- [Aim of the exercise] This exercise calls for retyping every line below exactly, with the images omitted.

- [Supplied material]
--- START ---

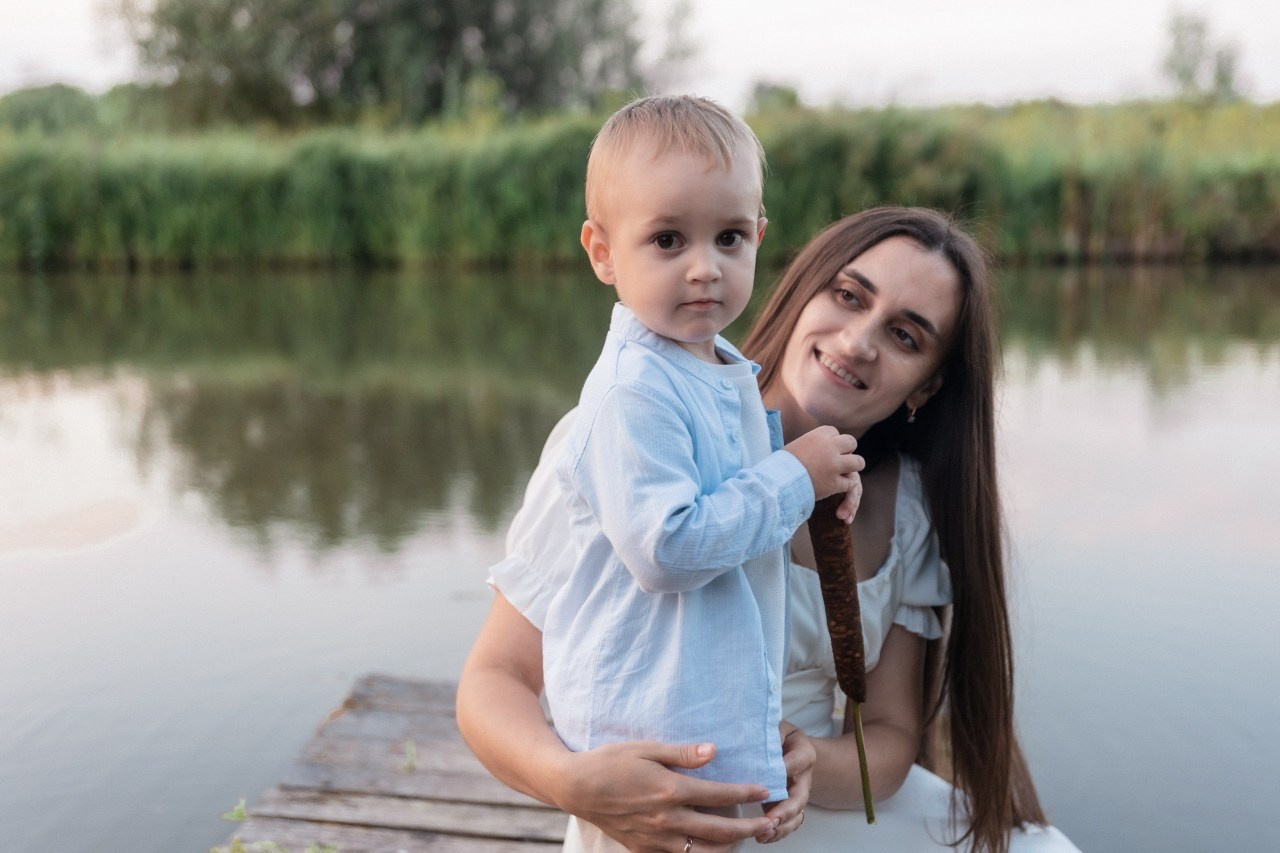 У пруда. Фотограф в Старом Осколе, Губкине Надежда Приболовец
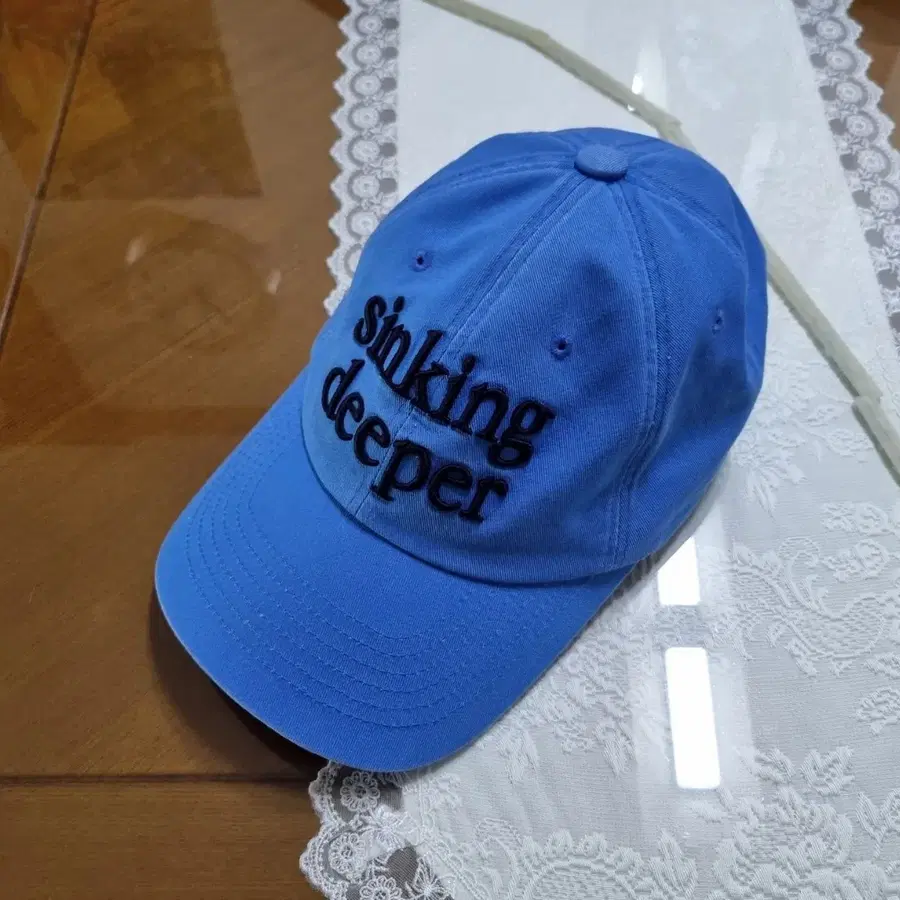 싱킹디퍼 세리프 로고 볼캡 모자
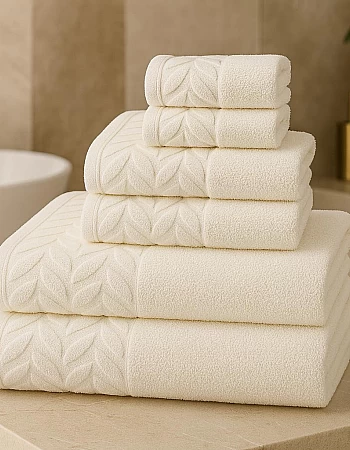 Sol Suave 6 Pieces Bath Towel Set, 100% Cotton, Hotel Quality Towels, 2 Bath Towels 70 * 140 cm, 2 Hand Towels 50 * 100 cm, 2 Washcloths 30 * 30 cm (Barn-red/Off-White)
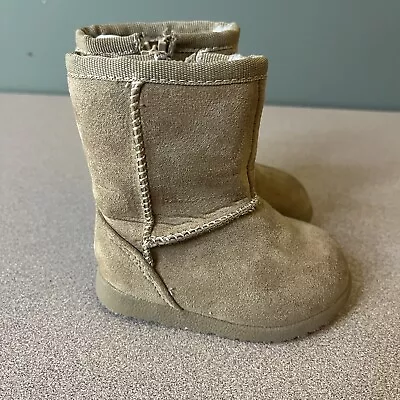UGG-Like Boots Baby Infant Toddler Kids Size 3 USA Faux Fur Lining Target • $8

--- END ---

- [Exercise result]
 У пруда. Фотограф в Старом Осколе, Губкине Надежда Приболовец
 싱킹디퍼 세리프 로고 볼캡 모자
 Sol Suave 6 Pieces Bath Towel Set, 100% Cotton, Hotel Quality Towels, 2 Bath Towels 70 * 140 cm, 2 Hand Towels 50 * 100 cm, 2 Washcloths 30 * 30 cm (Barn-red/Off-White)
UGG-Like Boots Baby Infant Toddler Kids Size 3 USA Faux Fur Lining Target • $8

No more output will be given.